Around 13 percent of variants in ClinVar have divergent interpretations between labs, she said. However, when four labs that have submitted one-third of variants (around 35,000 variants) in ClinVar came together to share data and discuss interpretation discrepancies for 115 variants, they were able to resolve interpretation differences 71 percent of the time.
"I would argue that from the data I've shown you and the experience we've had, the benefits of data sharing and comparing variant interpretations are exceedingly clear and are necessary for patient safety," she said. Rehm asserted that journals should require data sharing for publications; lab accreditation organization should require variant interpretation information for quality control purposes; doctors should order tests from labs sharing data; and insurers should reimburse labs for this activity. Finally, "FDA should consider tests from labs that do not share their interpretations to be considered higher risk, because that data is not subject to peer review," she said.
In contrast, Julie Eggington from 23andMe didn't find much value in currently available public variant databases due the discrepancies between them. "So far, public databases are not yet successful for variant classification when used in isolation," said Eggington, who from 2009 to 2013 was a clinical variant specialist at Myriad Genetics.
Myriad houses the largest proprietary variant database on BRCA1 and BRCA2 genes. Eggington and others from Myriad published a study in the Journal of Community Genetics earlier this year comparing variant classifications across five databases — Breast Cancer Information Core; the Leiden Open Variation Database 2.0 in the Netherlands; ClinVar; Inserm's UMD; and the Human Gene Mutation Database in Cardiff. Of 2,017 analyzed BRCA variants, 116 were identified as pathogenic in at least one database, but all the databases agreed on the classification of only four variants. Meanwhile, 34 percent of the mutations that Myriad identified using its own database didn't show up in any of these other repositories.
Based on this and other data, Eggington argued that to date only "private databases have been proven successful." What's ultimately critical is that labs publish data on their variant classifications, she said, since databases aren't themselves verifiable without associated information in the literature. Furthermore, if the FDA wants to start regulating based on information in variant repositories, Eggington suggested the agency audit internal, private databases.

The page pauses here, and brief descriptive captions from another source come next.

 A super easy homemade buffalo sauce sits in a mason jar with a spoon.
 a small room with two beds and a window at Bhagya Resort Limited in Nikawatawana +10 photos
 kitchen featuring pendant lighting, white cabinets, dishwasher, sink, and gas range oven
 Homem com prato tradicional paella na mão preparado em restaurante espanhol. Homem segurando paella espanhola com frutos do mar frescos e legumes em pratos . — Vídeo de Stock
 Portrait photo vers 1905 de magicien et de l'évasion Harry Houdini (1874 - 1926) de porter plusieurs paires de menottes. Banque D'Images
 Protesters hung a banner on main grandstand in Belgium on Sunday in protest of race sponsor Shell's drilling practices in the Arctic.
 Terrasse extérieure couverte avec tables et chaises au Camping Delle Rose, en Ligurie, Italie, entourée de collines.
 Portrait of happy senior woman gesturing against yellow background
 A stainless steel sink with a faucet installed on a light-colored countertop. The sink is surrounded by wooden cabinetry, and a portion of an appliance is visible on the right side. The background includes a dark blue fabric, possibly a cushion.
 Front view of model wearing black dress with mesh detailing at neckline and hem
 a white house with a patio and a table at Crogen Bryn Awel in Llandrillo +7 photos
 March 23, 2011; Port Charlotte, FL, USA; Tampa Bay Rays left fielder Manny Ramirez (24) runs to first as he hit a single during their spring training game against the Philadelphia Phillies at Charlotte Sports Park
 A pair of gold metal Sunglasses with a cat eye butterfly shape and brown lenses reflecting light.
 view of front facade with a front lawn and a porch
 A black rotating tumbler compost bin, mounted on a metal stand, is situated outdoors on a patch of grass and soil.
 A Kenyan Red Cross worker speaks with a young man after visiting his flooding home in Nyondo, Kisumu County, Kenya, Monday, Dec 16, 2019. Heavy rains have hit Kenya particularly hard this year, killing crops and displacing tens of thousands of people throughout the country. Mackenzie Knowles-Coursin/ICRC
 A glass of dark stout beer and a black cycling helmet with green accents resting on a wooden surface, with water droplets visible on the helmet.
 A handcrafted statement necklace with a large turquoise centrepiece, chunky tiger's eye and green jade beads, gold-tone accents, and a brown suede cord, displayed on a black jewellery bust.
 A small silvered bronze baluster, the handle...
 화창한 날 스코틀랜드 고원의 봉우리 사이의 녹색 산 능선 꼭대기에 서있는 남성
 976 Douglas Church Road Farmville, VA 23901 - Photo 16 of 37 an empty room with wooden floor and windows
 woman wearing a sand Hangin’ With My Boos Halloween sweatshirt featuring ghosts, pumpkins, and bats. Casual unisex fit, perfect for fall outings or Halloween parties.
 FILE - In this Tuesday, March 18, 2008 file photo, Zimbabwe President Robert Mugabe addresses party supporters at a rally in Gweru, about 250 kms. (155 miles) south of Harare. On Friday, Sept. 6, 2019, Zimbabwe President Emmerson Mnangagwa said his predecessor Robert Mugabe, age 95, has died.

Still, the FDA seemed more than willing to support the development of public variant repositories like ClinVar. "We heard from many [at the workshop] that we need to keep ClinVar alive," Mansfield said. "Whether you love it or hate it, it is a great resource. It already has a lot of information in it and it can be a centralized place in the US to start trying to combine all the data that may be spread out all over the place now."
This idea of publishing validation data and being transparent about the underlying evidence for a test was a theme that spanned the two-day workshop. Some attendees complained that when healthcare providers try to get information from labs about test validation, they're often told this is proprietary information.
Foundation Medicine's Otto noted that publishing data on the test's capabilities is critical from a patient safety perspective. "We see a lot of patients with cancer. We're going to get one shot at the genomic profile and depending on what that assay does or doesn't do you're going to give them a radically different standard of care," he said.
Mansfield observed that there was "an enormous amount of concern" during the two-day workshop about the lack of transparency in test validity information, and even with regard to databases. She indicated that the FDA will take these concerns into consideration as it advances regulatory policies.
"The limitations of the test should be part of the transparency," Mansfield said. "That's something we at the FDA are very familiar with now in terms of what a test can do and what it can't do. And we strongly agree that limitations need to be publicly expressed."